La science européenne a été rendue possible avec en arrière-fond une croyance : celle que le monde qui nous entoure obéit à des lois permanentes, rationnelles et donc intelligibles1. Il existe ainsi à nos yeux un donné objectif, indépendant de la personne qui l’observe et dont le fonctionnement harmonieux et régulier nous incite à y découvrir des lois2. Durant plusieurs siècles ce « donné » évoqua un Donateur ; puis survint ce naturalisme que Pascal, prémonitoire, comparaît à l’athéisme3 : le « donné » cessa d’être en réalité un « reçu » prenant son origine en dehors de lui-même, et devint une sorte d’être-là autosubsistant4.

Avant ce grand basculement, les êtres de la nature excitaient notre admiration ; leur perfection parlait à notre esprit et les artistes n’avaient pas à chercher ailleurs leur inspiration : tout l’art était de restituer ce témoignage mystérieux de l’être, de révéler ce qu’il avait à nous dire. Ce « donné » qu’il nous revenait de recevoir était donc aussi un message envoyé par le Donateur. La racine indo-européenne bagha, dont le sens général est « donner », se retrouve en russse dans le mot Bog, « Dieu ». Cette proximité suggère deux conséquences : 1. Il existe un donateur. Les choses sont ce qu’elles sont, certes, mais rien n’existe qui n’ait une cause et, de cause en cause, tout nous relie à une cause première qui, elle, est sans cause. Il existe nécessairement une première cause incausée5. Telle fut la voie suivie, à leurs débuts, par les philosophes et les scientifiques européens6. 2. Ce monde a été fait pour nous. Les cieux racontent la gloire de Dieu (Ps 29, 1), certes, mais c’est à nous qu’ils s’adressent. L’anthropocentrisme était si bien admis qu’il est passé de la Bible au catéchisme du concile de Trente. Non seulement le monde est donné pour notre usage, mais certains êtres y furent créés dès l’origine pour servir aux besoins humains, mission la plus noble dans leur ordre, ceux que la Genèse (1, 24) qualifie de bèmah בהמה « bétail », soit l’ensemble de ces animaux « domestiques »7 qui se plaisent en notre compagnie.

C’est une erreur profonde, chez les antispécistes, d’extrapoler à partir de certains cas de maltraitance animale jusqu’à l’idée que toute domestication est une injustice, une violence faite à la nature profonde des êtres.

La contradiction est d’ailleurs flagrante avec le véganisme qui aboutit en fait à une « maltraitance végétale » : des arbres sont coupés et déchiquetés pour faire le papier des tracts végans alors que les plantes ont une sensibilité à l’instar des animaux, fût-elle différente.

L’évolutionnisme auquel croient les végans suppose d’ailleurs une continuité universelle entre tous les vivants et, s’il y a continuité ancestrale entre l’homme et les animaux, il doit en aller de même entre animaux et végétaux.

L’homme moderne est ainsi devenu un étranger dans une nature qui le perçoit comme un trouble-fête et à laquelle il se considère comme subordonné, tout en étant condamné à la régir, voire à la maltraiter pour y survivre.

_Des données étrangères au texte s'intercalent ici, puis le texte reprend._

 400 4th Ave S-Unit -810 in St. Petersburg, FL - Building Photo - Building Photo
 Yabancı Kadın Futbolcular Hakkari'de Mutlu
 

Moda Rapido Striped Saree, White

Dans la tradition hébraïque, Dieu est « Le Lieu » par excellence (המקום ha-maqôm) ; ll est devenu aujourd’hui, pour certains, cette mystérieuse Nature divinisée où se niche peut-être la forme actuelle de l’éternelle tentation idolâtrique. Deus sive Natura…

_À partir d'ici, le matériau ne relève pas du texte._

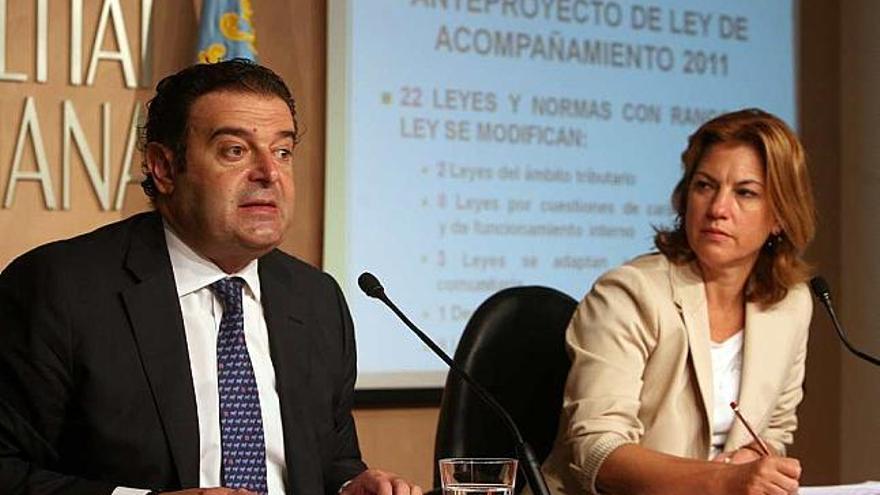 Gerardo Camps y la portavoz del Consell en la presentación de la ley de acompañamiento.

Dans la vision biblique du monde, l’hostilité de la nature venait de l’homme lui-même, de sa faute originelle : elle n’était que relative ; les êtres ne cessaient pas d’avoir été créés pour lui, les uns comme les autres ayant été embarqués ensemble pour un périple grandiose, mais attendant encore leur retour au port d’attache prévu de toute éternité. Lors de la deuxième « grande réinitialisation », provoquée elle aussi par les péchés collectifs8, ce fut même à l’homme que les animaux terrestres durent leur salut, à la famille humaine la moins dégénérée – celle de Noé – et qui, à ce titre et parce que le Plan devait s’accomplir, travailla durant un siècle à préparer cette opération-survie. Mais la démesure, source de tant de calamités, n’allait pas jusqu’à tarir l’admiration que nos ancêtres nourrissaient envers cette créature à la fois la plus chétive et la plus noble : le roseau pensant l’emporte en dignité sur le chêne qui l’écrase, notait Pascal.

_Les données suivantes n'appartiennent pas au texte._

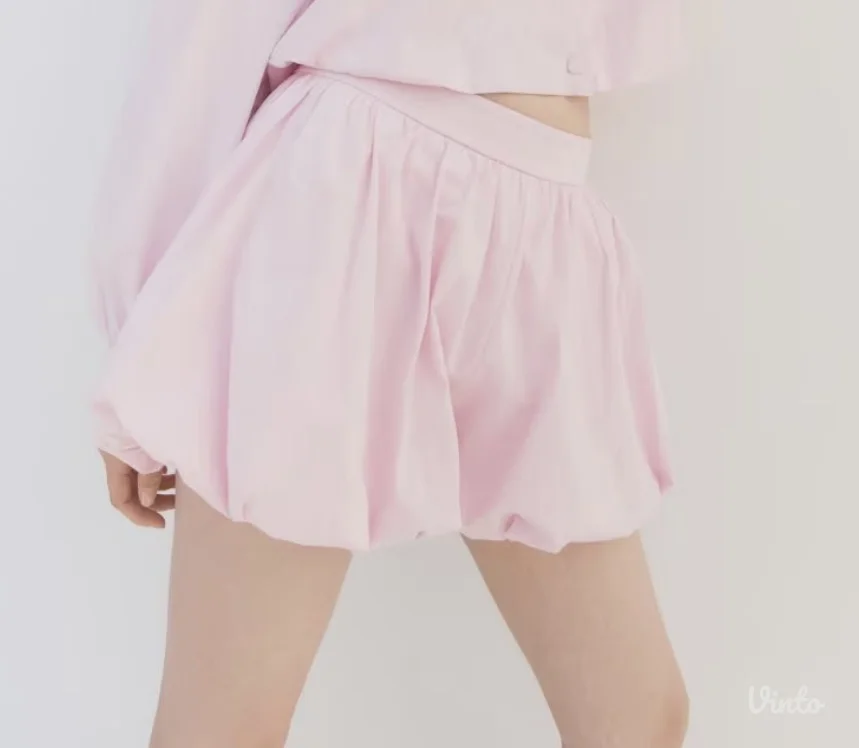 Reserved suknja/šorc S veličina sa etiketom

Avec les idées transformistes, elles-mêmes issues du mythe du progrès, le paysage intellectuel puis moral changea. Sans Donateur, le « donné » perdait sa consistance propre, sa finalité prédéterminée, et devenait comme une pâte molle se prêtant à toutes les transformations, celles-ci toujours perçues comme des améliorations puisqu’elles conviennent à celui qui les décide. Le progrès technique servit d’abord et depuis longtemps à compenser les carences résultant de la Chute. Il utilisait et modifiait des êtres extérieurs à l’homme ou réparait tant mal que bien ses infirmités.

Avec l’évolutionnisme généralisé qui prit corps au XIXe siècle, le grand-œuvre devint l’amélioration de l’homme lui-même, noble but dont se convainquirent aisément les hommes politiques soucieux d’avantager leurs peuples dans la lutte pour la vie. Les pays qui adoptèrent des lois eugénistes furent donc ceux où les dirigeants adhérèrent au darwinisme. En Angleterre, les familles Huxley, Darwin et Galton furent au premier rang dans cet effort pour améliorer la race humaine et produire scientifiquement le surhomme. Le drame fut qu’en s’appliquant à elles-mêmes le principe de sélection des « plus aptes », elles crurent pouvoir défier les règles de consanguinité que la sagesse des nations avait su établir. Sur le continent européen, les Lebensborn – « Sources de vie » envieil allemand –,des enfantsobtenus par sélection au sein de la SS, n’eurent pas le temps de se reproduire entre eux, mais nous savons désormais que le résultat eût été le même : la pureté d’un lignage sélectionné sur critères anthropométriques étroits, dont le QI, a pour effet de concentrer les tares, en favorisant l’expression des mutations, presque toujours régressives. S’en suit obligatoirement l’entropie génétique, phénomène dont il nous reste encore à mesurer et à gérer toutes les conséquences9.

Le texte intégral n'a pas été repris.